Psycholog Anna Mazur uważa, że treści typu pro-ana są wysoko szkodliwe – „Ze względu na promocję niezdrowych form odchudzania prowadzących do ekstremalnego spadku wagi doprowadzającej do poważnych komplikacji zdrowotnych ze śmiercią włącznie - w mojej opinii grupy takie powinny być zdelegalizowane a ich treści - zakazane.”.

 

Jest jeszcze pro-mia, siostrzany ruch promujący bulimię. Na forach pro-mia można się dowiedzieć jak prowokować wymioty, przeczyścić się domowymi sposobami i dbać o zęby aby zmniejszyć uszkodzenia szkliwa kwasami żołądkowymi. Relacje między zwolenniczkami pro-ana i pro-mia są dosyć skrajne. Jedne traktują je jako przyjaciółki niedoli. Inne uważają się za jedno i drugie. Są też takie, które pro-mia uważają za coś upokarzającego. Za słabość woli i brak wytrwałości. Poza tym wymiotowanie jest mało glamour. „Ruch pro-mia nie jest tak popularny, jak pro-ana z racji na negatywny wydźwięk wymiotowania jako metody zachowania szczupłej sylwetki w opozycji do głodowania, jako przykładu "trzymania dyscypliny", który ma bardziej "pozytywny" wydźwięk dla społeczeństwa, budzi więcej "podziwu" dla wytrzymałości. Wymioty są odbierane jako nieestetyczne i wstydliwe, są pokazaniem słabości (objadanie się).

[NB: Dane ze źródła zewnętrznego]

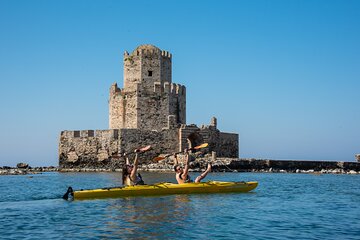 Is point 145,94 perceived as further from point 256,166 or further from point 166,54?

Głodowanie jest postrzegane jako perfekcja, zapanowanie nad potrzebami fizjologicznymi, więc jako takie zrzesza więcej osób.” - słyszymy w rozmowie z panią psycholog.

 

Fascynacja pro-ana to jeszcze nie choroba, chociaż w niektórych przypadkach, może do niej prowadzić. Samo zjawisko wydaje się być interesujące z psychologicznego i socjologicznego punktu widzenia. Zwolenniczki pro-ana zdają sobie sprawę, że ich postępowanie może prowadzić do choroby. Zainteresowanie tego typu ruchami może świadczyć o problemach osobistych, zaburzonym postrzeganiu własnego ciała a nawet depresji. Pytanie brzmi, czy lepsza samotność i niezrozumienie, czy przynależność do niezdrowej społeczności? „Zabawne, masz pewność, że będziesz potwornie cierpieć, a mimo to brniesz w to dalej, bo wiesz, że da Ci to odrobinę szczęścia, która wbrew pozorom jest warta późniejszego bólu.” [cyt. pochodzi z grafiki umieszczonej na jednym z blogów].